In the 20th century, the reliability of Carver's narrative has been debated by scholars; examination of Carver's manuscript journal establishes that it differs in important respects from the published version. More recent research points to the conclusion that while Carver actually made the tour he describes, he suppressed the fact that he performed it as a hired agent of Royal Governor Major Robert Rogers, rather than on his own responsibility.

After Carver's death, Dr. John Coakley Lettsom purchased the copyrights to the book and had published a third edition. Lettsom claimed he had in his possession a deed, signed by two chiefs of the Sioux, giving Carver title to about 10,000 square miles in what is now Wisconsin and Minnesota. The deed could not be located after the death of Carver's London widow.

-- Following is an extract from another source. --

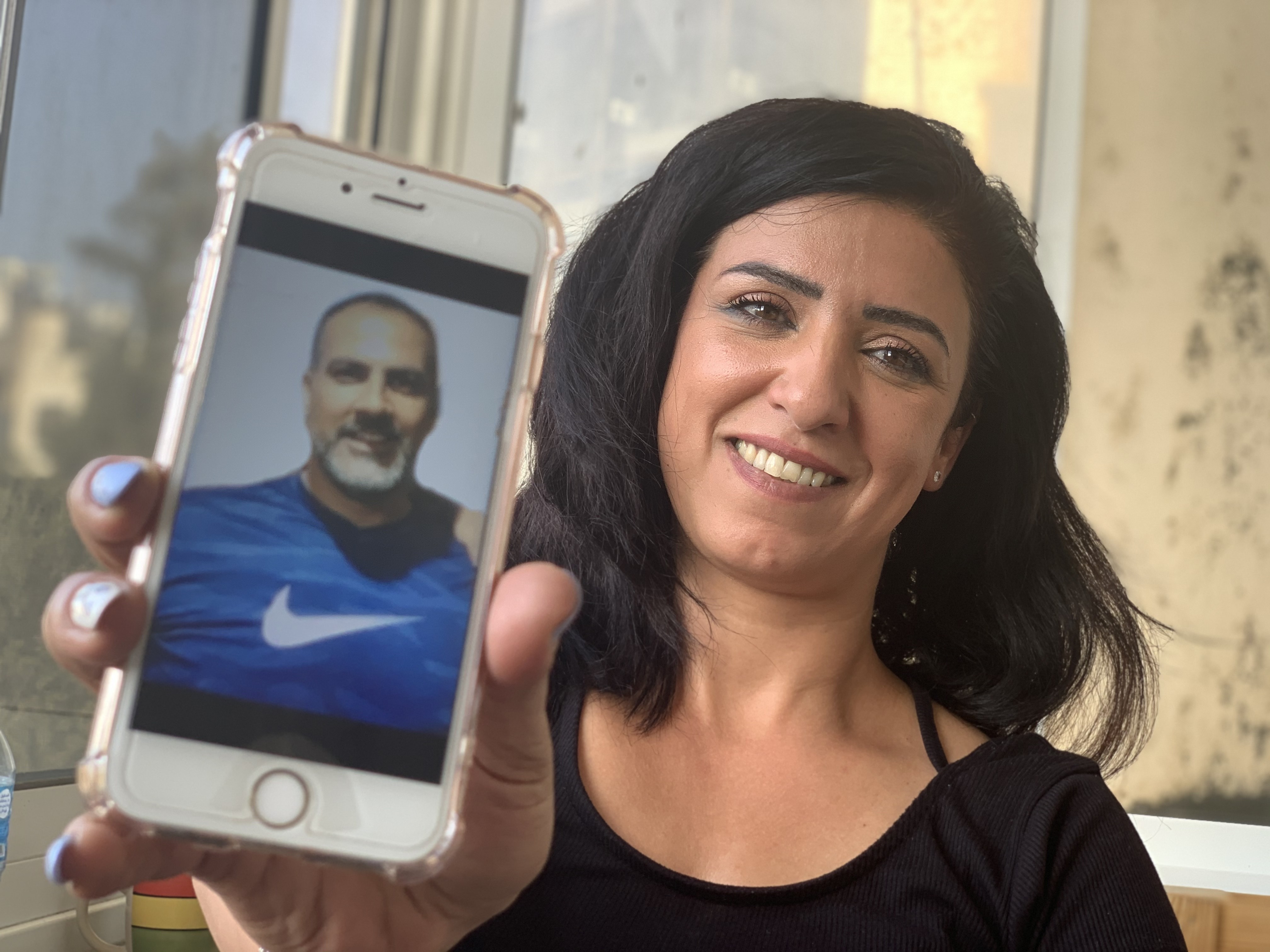 Palestinian woman awaits her fiance's release from Israeli prison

In 1804, a group of descendants of Carver petitioned the U.S. Congress for ownership rights to a large tract of land in Wisconsin and Minnesota, claiming that the deed supposedly dated at the "Great Cave, May the 1st, 1767" entitled Carver and his family to over 10,000 square miles of land. Specifically they identified; "the whole of a certain tract or territory of land, bounded as follows, viz.: from the Falls of St. Anthony, running on the east bank of the Mississippi, nearly southeast, as far as Lake Pepin, where the Chippewa joins the Mississippi, and from thence eastward, five days travel, accounting twenty English miles per day, and from thence again to the Falls of St. Anthony, on a direct straight line." This triangular tract in northwestern Wisconsin and eastern Minnesota would have been bounded by lines running from modern Minneapolis southeast to Pepin, then due east to near Stevens Point, and from there northwest roughly through Eau Claire to Minneapolis.

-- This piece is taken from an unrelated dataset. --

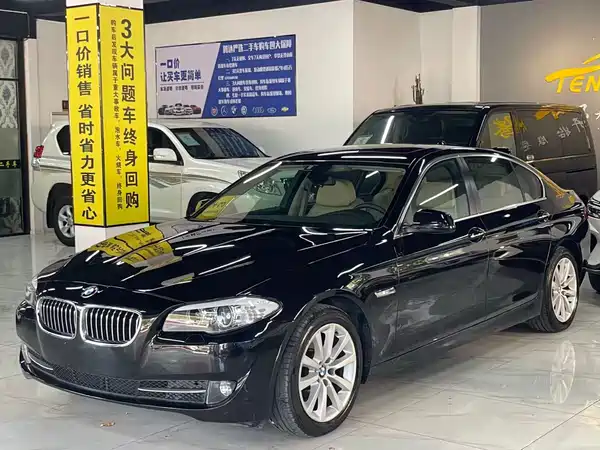 BMW 5 Series 2013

Congress investigated their claim and ultimately concluded that English law at the time prohibited any land grants to individuals. They also concluded that Carver himself never made any mention of such a grant in his book or afterwards, and finally that no Indians in the region had any knowledge of such a transaction having been made by their grandparents' generation; in 1817, Sioux elders in St. Paul had even told Carver's heirs that no chiefs with the names on the deed had ever existed. Congress concluded, on Jan. 29, 1823, not to permit Carver's heirs the rights to this land in Wisconsin. Land speculators and con-men nevertheless continued to promote the sale of portions of "Carver's Grant" for another half century.